Il faut cependant se garder de conclure que les loisirs sont le facteur déterminant. «C’est surtout la moindre présence des autres motifs qui explique cette importance des loisirs, explique Cédric Duchêne-Lacroix. Les personnes interrogées pouvaient citer plusieurs usages. Or les loisirs interviennent dans toutes les résidences, alors que d’autres activités ne sont limitées qu’à une seule.»

Les chiffres présentés dans l’étude répondent à une certaine logique. Par exemple, le groupe d’âge qui habite proportionnellement le plus en plusieurs endroits est celui des 15 – 24 ans. C’est en effet une période de la vie où il faut davantage se déplacer pour se former, où l’on habite parfois chez deux parents ou encore où l’on séjourne dans l’appartement d’un ou d’une partenaire et non dans un appartement commun.

Les phases de la vie en couple ont également une influence sur l’habiter multi local. Les célibataires (36,5%) et les divorcés (34,4 %) ont nettement plus tendance à vivre à plusieurs endroits que les personnes mariées (22%). La garde alternée a aussi pour effet que les enfants de divorcés se partagent entre plusieurs endroits.

La manière d’habiter est donc aussi une sorte de miroir. «Derrière la multi localité, on peut voir les transformations de la société. Certes, elle a toujours existé, mais elle était moins importante et plus traditionnelle. Ainsi, la multi localité liée au travail n’était pas la même qu’aujourd’hui. Il existait par exemple dans les alpages une multi localité qui n’existe presque plus de nos jours. On peut aussi observer les transformations familiales», constate le sociologue.

Ne pas «s’encroûter»

swissinfo.ch a rencontré un couple qui pratique l’habiter multi local. L’épouse travaille à Zurich, où elle a conservé un pied-à-terre, tandis que le mari est père au foyer et réside à Neuchâtel avec leur petite fille âgée de deux ans et demi.

«Mon épouse ne pourrait pas exercer sa profession à Neuchâtel et doit rester à Zurich, explique Pierre-François Besson. C’est aussi une manière de rester à cheval entre deux régions linguistiques, ce qui évite de s’encroûter. Par ailleurs, ma belle-famille est établie à Zurich. Résider sur les deux sites permet de vivre la vie familiale de façon plus légère. Et puis, il y a tout simplement le plaisir de ne pas être contraint d’être toujours au même endroit.»
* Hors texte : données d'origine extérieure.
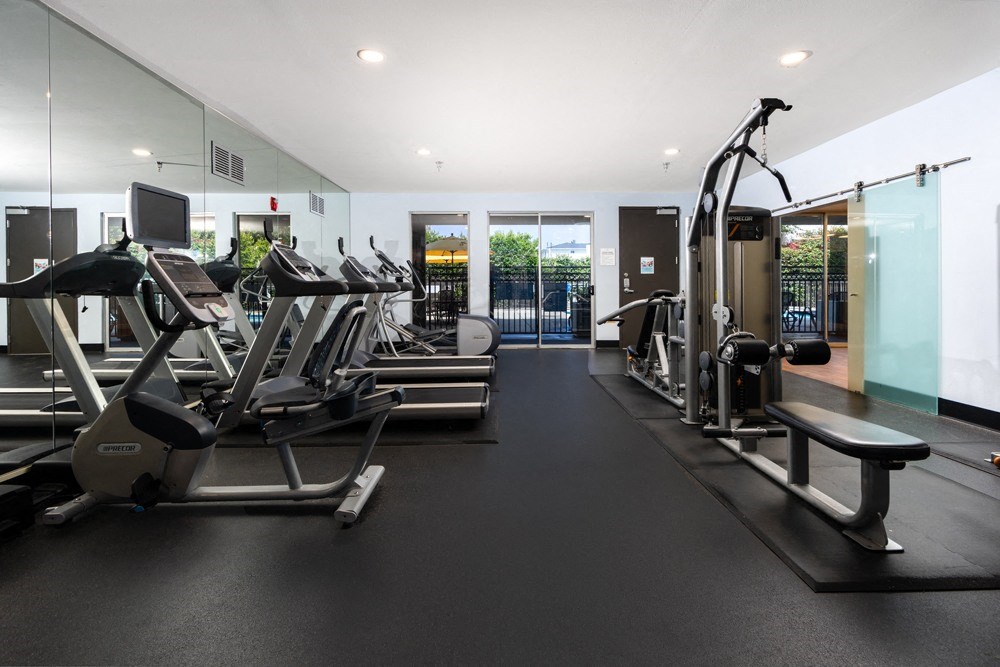 a gym with treadmills and other exercise equipment on a black floor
Pour ce couple, c’est donc une formule idéale, même si elle comporte quelques inconvénients. «Financièrement, cela coûte bien sûr un peu plus cher, dit-il. Mais il y a aussi l’aspect administratif. Mon épouse doit expliquer chaque année aux autorités fiscales zurichoises que nous sommes bel et bien établis à Neuchâtel, où nous payons nos impôts. Il faut aussi penser à certains détails du quotidien, comme avoir suffisamment d’habits à chaque endroit. Mais tout cela ne représente finalement pas une grande gêne.»
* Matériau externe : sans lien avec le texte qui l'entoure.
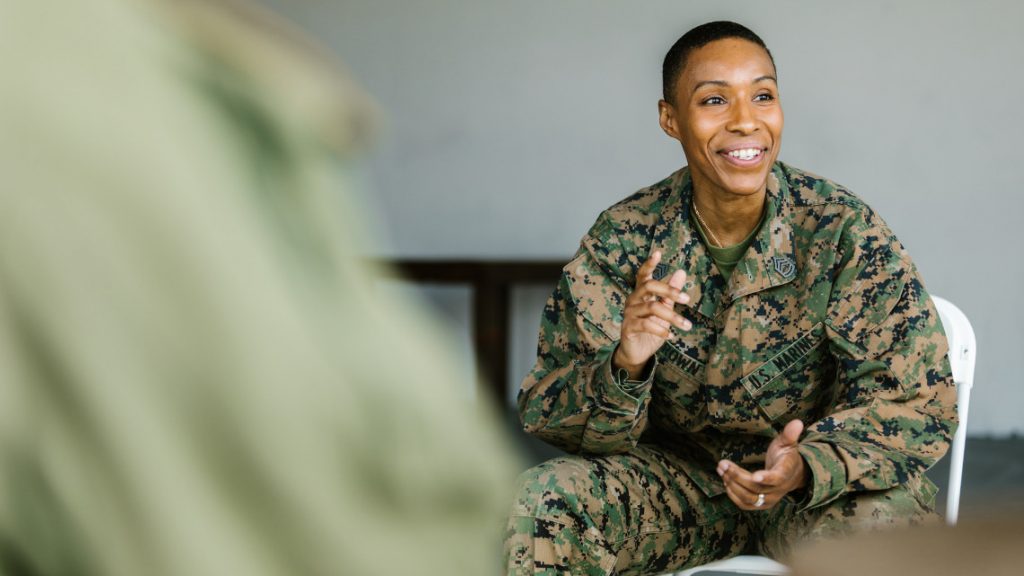 a person in a military uniform is talking to another person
Une équation très compliquée

Nous voulions tordre le cou à cette idée que notre société est une société mono locale où tout tournerait autour d’une résidence. Cédric Duchêne-Lacroix, sociologue

Pour les chercheurs, l’habiter multi local est devenu un phénomène «de masse». Mais étant donné que certaines régions connaissent une crise du logement chronique et que le prix de l’immobilier est particulièrement élevé en Suisse, le fait qu’un peu plus d’un quart de la population occupe plus d’un logement ne peut-il pas être considéré comme immoral ou tout du moins socialement contestable?

«Je ne suis pas sûr qu’un sociologue puisse répondre à ce genre de question, rigole Cédric Duchêne-Lacroix. Plus sérieusement, on ne peut pas voir la chose sous l’angle bien ou mal. L’équation est beaucoup plus compliquée, car les paramètres sont très nombreux.»

«Certes, on peut par exemple considérer qu’une personne qui occupe un appartement dans une autre ville pour des raisons professionnelles mange de l’espace. Mais dans le même temps, cette même personne consomme moins de transports que si elle devait faire quotidiennement la navette entre deux grandes villes», illustre-t-il.